El verdadero amor brota de nuestra libertad interior. Dios nos libera para amar, no para volvernos locos, o marionetas de los demás, que con crueldad consciente o inconsciente necesitan convertir a alguien en víctima propiciatoria, sea un toro de lidia, una cacería del zorro, tirar una cabra desde un campanario o estrujar literalmente la vida de un ministro del Evangelio.

El amor que procede de la presión de tratar de contentar y satisfacer a todos es fuente de dolor de cabeza para el que no hay analgésico que pueda aliviar. Por el contrario, cuando el amor es fruto de nuestra libertad interior, no hay dolores que valgan.

El cuerpo es un magnífico indicador que nos advierte si somos verdaderamente libres o si por el contrario nuestro compromiso está determinado por nuestra necesidad de ser aceptados por todos, por el miedo a decepcionar y perder de ese modo la simpatía y el apoyo de los demás.
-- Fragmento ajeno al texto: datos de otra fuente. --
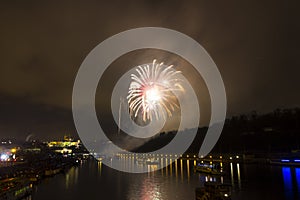 Amazing exploding yellow firework celebration of the new year 2015 in Prague with the historic city in the background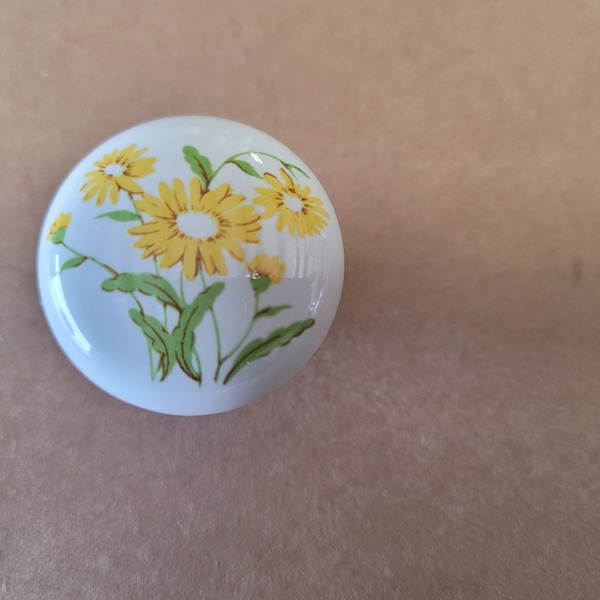 vintage round white porcelain knobs with yellow and white flower design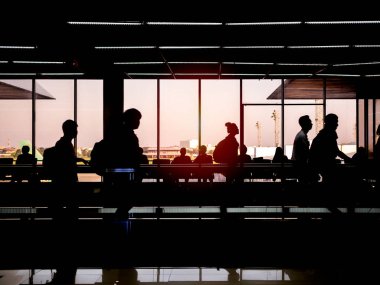 Havaalanı terminal yürüyüş yolcu pencere cam akşam yakınındaki. Geçit devam yürüyüş siluet yolcuları.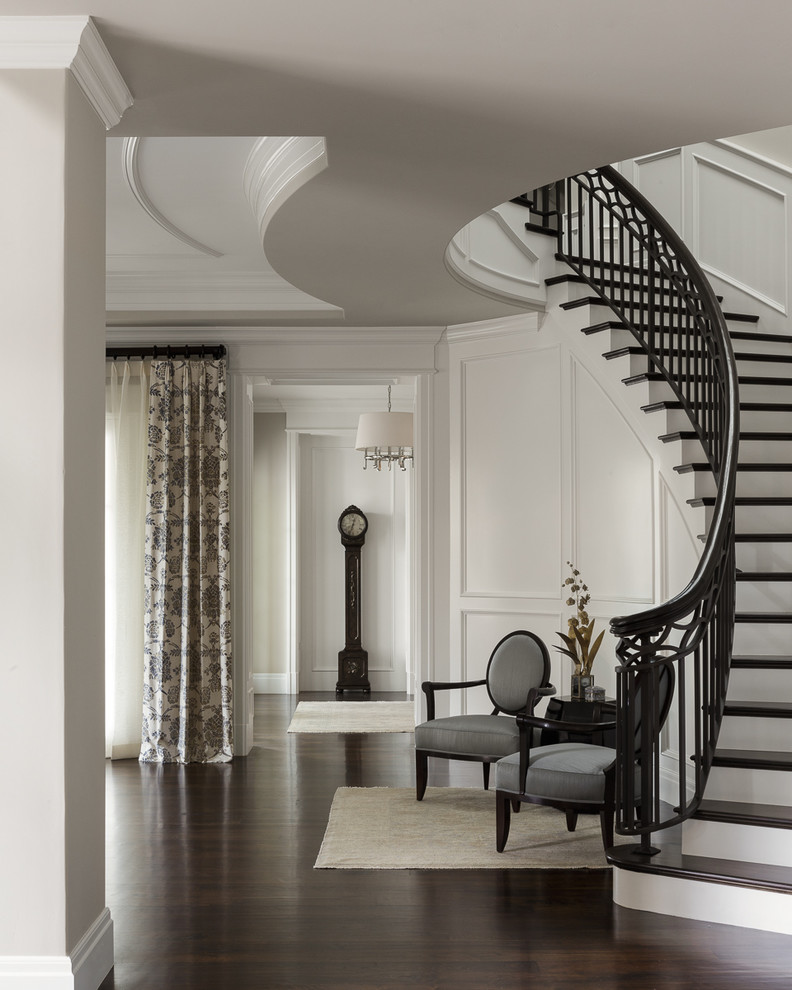 Пример оригинального дизайна: большая изогнутая лестница в классическом стиле с деревянными ступенями, крашенными деревянными подступенками и металлическими перилами
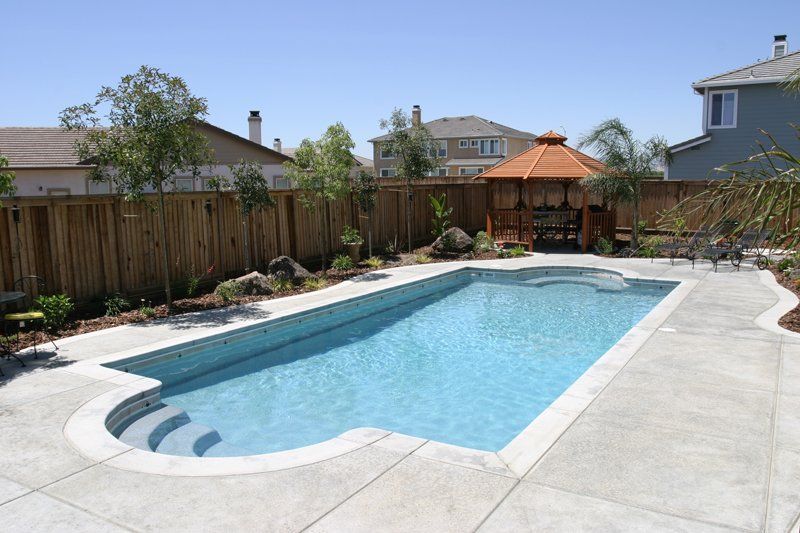 Rectangular pool with steps, concrete patio, wooden fence, gazebo, houses, and blue sky.
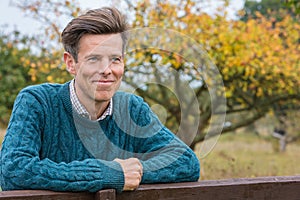 Happy Middle Aged Man Outside Leaning on a Fence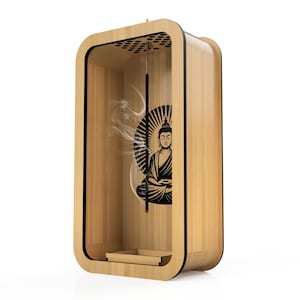 May include: A wooden incense holder with a black Buddha graphic. The holder has a rectangular shape with rounded corners and a small tray at the bottom. Incense smoke is visible inside the holder.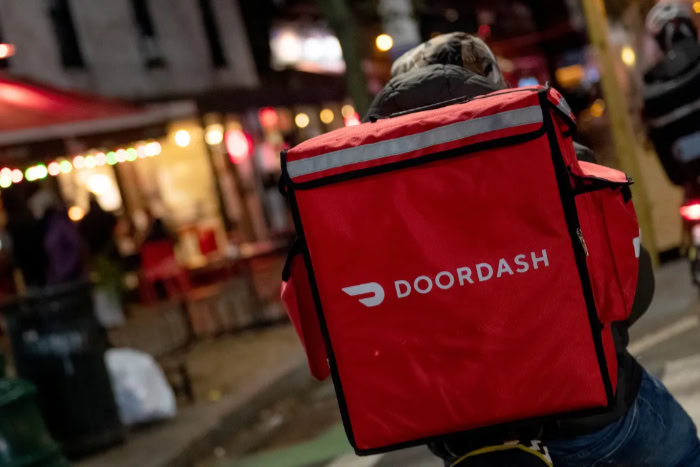DoorDash delivery person with red backpack at night
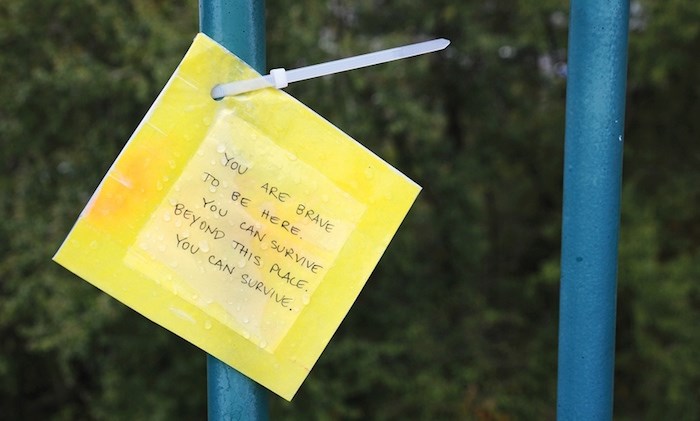  A laminated message is one of 70 such signs that a group of volunteers affixed to railings along Lions Gate Bridge in advance of World Suicide Prevention Day - (Cindy Goodman/North Shore News)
Cuando caemos en esa trampa, no sólo no nos estamos haciendo favor alguno a nosotros mismos, sino tampoco a los demás, pues lo que estamos haciendo es convertirlos en espectadores de nuestra actuación.

Si nuestro amor depende de nuestras propias necesidades y de la presión de las expectativas de los demás, entonces ese amor nos hará daño a nosotros y a nuestros “espectadores”.

Lo que nos perjudicará será nuestra falsa idea acerca de nuestro servicio, y no el servicio como tal. De ahí la importancia de tener una idea clara de la realidad, para que no nos dominen y destruyan las cosas externas.

Puede que no haya una mejor definición de la fe que el camino a la libertad, el arte de una vida sana, y la praxis del amor no condicionado por presiones externas, sino por la libertad gloriosa de los hijos e hijas de Dios.

Mucho amor.  Joaquín Yebra,  pastor.